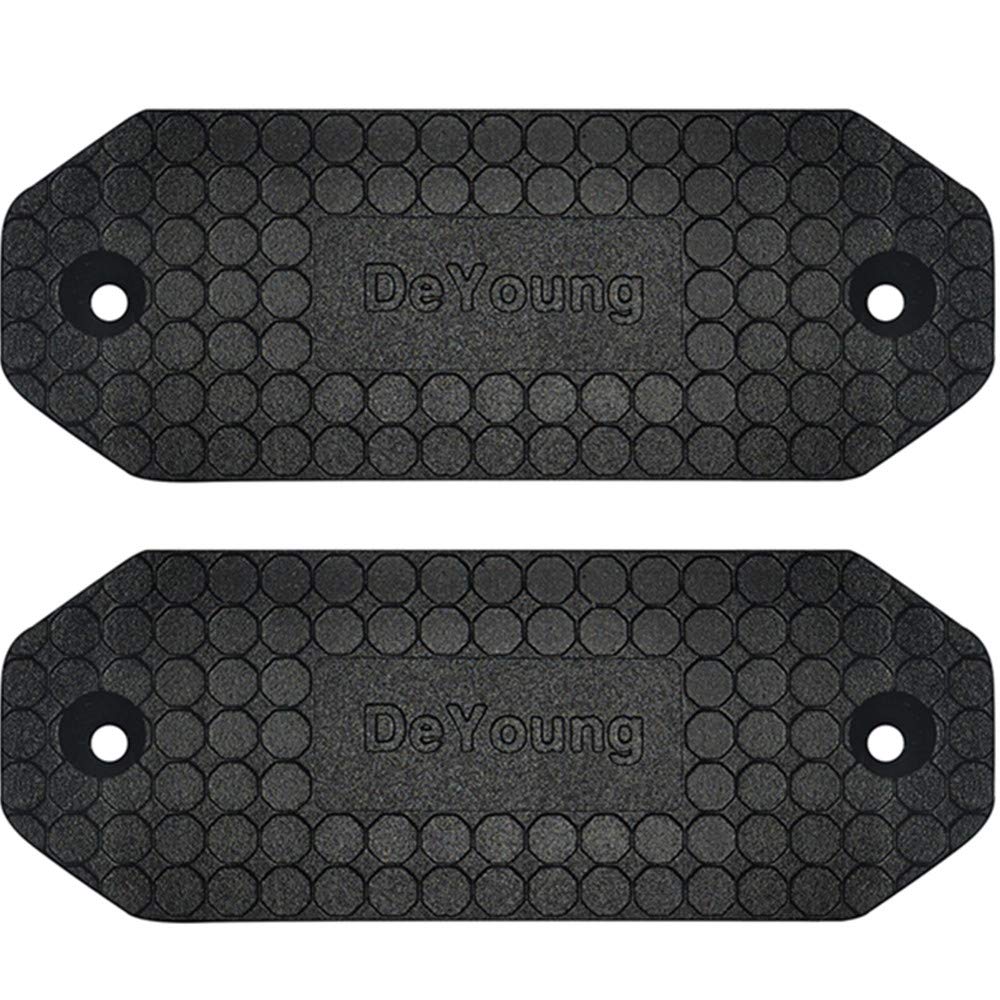 Gun Magnet 56lbs Rated Magnetic Gun Mount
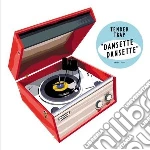 Tender Trap - Dansette Dansette cd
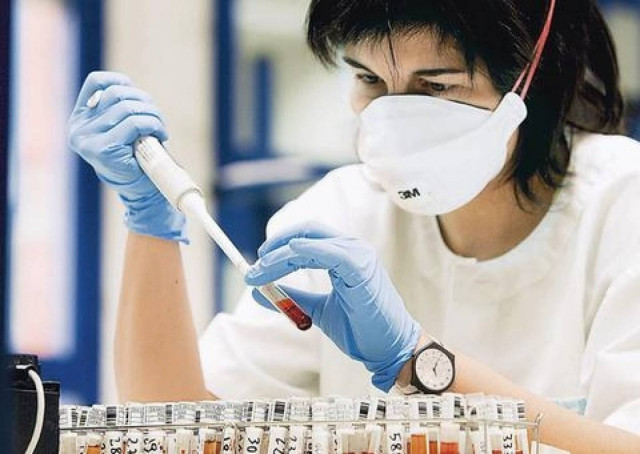 Έλληνας επιστήμονας ανακάλυψε δεύτερο κώδικα «κρυμμένο» στο DNA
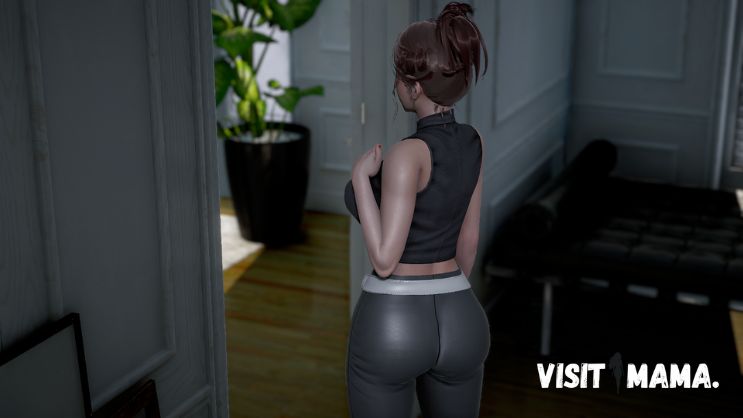 Lust Village v0.85 [Mr.C] By Visitmama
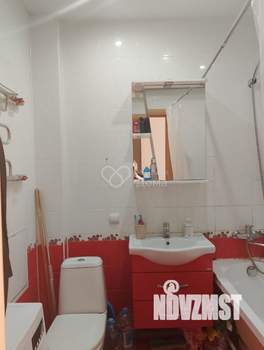 Студия квартира, вторичка, 28м2, 6/9 этаж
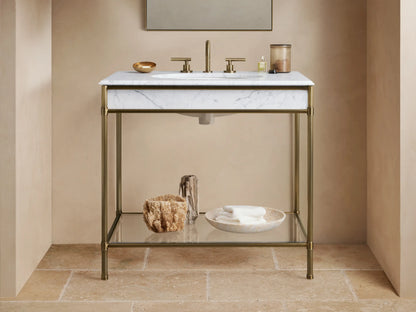 Chelsea Single Washstand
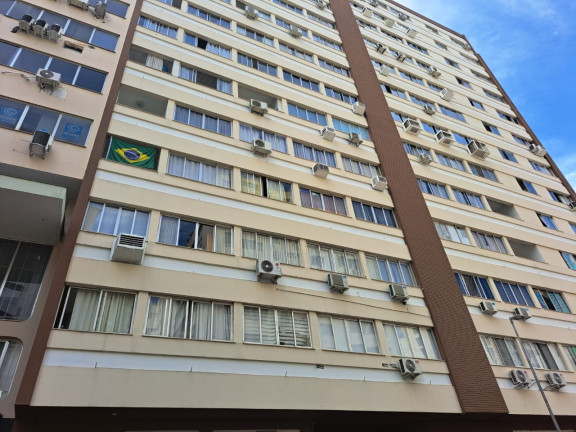 Imagem Apartamento com 3 Quartos à Venda, 165 m² em Centro - Florianópolis Imagem Apartamento com 3 Quartos à Venda, 165 m² em Centro - Florianópolis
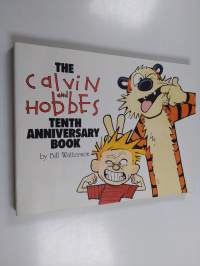 The Calvin and Hobbes Tenth Anniversary Book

*****

GOAL OF THE EXERCISE:
Write out only the lines from the one that contains "- Florianópolis Imagem" through the last line of the records above, both included, word for word and without the pictures.

RESPONSE TO THE EXERCISE:
 Imagem Apartamento com 3 Quartos à Venda, 165 m² em Centro - Florianópolis Imagem Apartamento com 3 Quartos à Venda, 165 m² em Centro - Florianópolis
 The Calvin and Hobbes Tenth Anniversary Book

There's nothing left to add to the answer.